When it's clear that he's taking a bad-guy turn, us readers can realize we were rooting for him, and he had some good qualities, but we were fooling ourselves. The guy was always 80% selfish weasel-spit and his "I've got mine" was always in character, despite what we hoped.

Big rewrites are depressing. After you've written 5 chapters you want to think they're done, with 15 to go. Adding rewrites means the writing process can be endless. But if you're stuck, it's an option. In your mind you're on chapter 6 and 1-5 have already happened, but they haven't. No one has read them and is waiting for ch. 6. It's not a TV series.

I'm wondering if you think any former slave being fine with slavery is automatically a contradiction. Do some reading. There were former slaves who weren't abolitionists. There was at least one black Confederate general. There are anti-immigration immigrants. See if you can get some ideas from them.

  • There were slave owning ex-slaves in the old South in the USA.
    – JRE
    Commented Mar 18, 2022 at 14:33

Lampshade hanging.

When a character acts in a way which seems out-of-character for them but actually has a justification the audience isn't aware of (yet), acknowledge it in-universe. For example by having some other character comment on it. When another character remarks "This isn't how they usually act" or raises the question "Why are they doing that?" you make clear to the reader that the seemingly erratic behavior of the character was not a characterization mistake on your part but completely intentional.

Also keep in mind that characters don't need to stay static throughout the story. A good character undergoes character development due to the events of the story, which means that at the end of the story they are not the same person they were in the beginning.


Truth is stranger than fiction partly because however illogical or unreasonable it seems, truth really does "just happen."

By contrast in fiction, nothing "just happens." Everything in fiction is chosen, hopefully with care… including your characters' every action.

Let's not talk about slaving, because that part of your exposition is about intent and motivation; nothing to do with character.

Let's ask why, beyond all this detail, you might want your players to act out of character?

Out-of-character actions are like the Dragon Girl's tattoo or, for a ludicrous example, Bridget Jones' pants. Yes, I do see that pants and tattoos are not character traits.
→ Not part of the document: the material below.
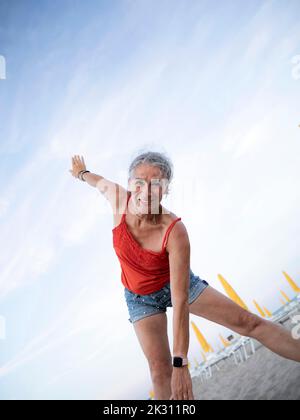 Happy senior woman doing exercise at beach Stock Photo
The point is that all three are tools available to authors, in the same way and with the same potential effect; largely what "showing not telling" means.

In the Diary, poor Bridget is embarrassed to be caught wearing "big pants", and relieved when Mr Maybe takes one look and says "Big pants… I love big pants." In real life, such things need no explanation because they "just happen" every day.

In the film, the scene seems meant as humorous but in fact contributes nothing. Writer and director chose to devote several seconds of precious time to a pointless exchange with no lead-in, follow-up or explanation, so the result is a pointless distraction.

In anything like The Girl with the Dragon Tattoo, an illustrated character is mandatory; in Rambo it might seem obvious; in Dirty Harry or James Bond it raises questions and in many another film, a real tattoo on an actor but irrelevant to the character might be enough to stop an otherwise perfect candidate being cast.

As Mary said, authors don't have to explain, but to convince; another way of saying "showing not telling."

Complex or simple, every character needs to be believable… and minor characters can't deserve the time to fully flesh them out.

Isn't thinking of someone acting out of character as less complex since they're less believable, the wrong way round?

Isn't the truth that if someone acts out of character that's less believable, because it's (very much) more complex?

  • Considering how many people it resonates with, I don't think it's fair to say that Bridget Jones's underpants dilemma contributes nothing to the movie. But it does clearly illustrate that not all elements of a story will (or need to) mean something to all members of the audience. It reminds me of when I saw the Naked Gun 2 movie with my younger cousin and it got to this scene. Why missile launches, cannons and pumpjacks etc were involved made no sense to her at all.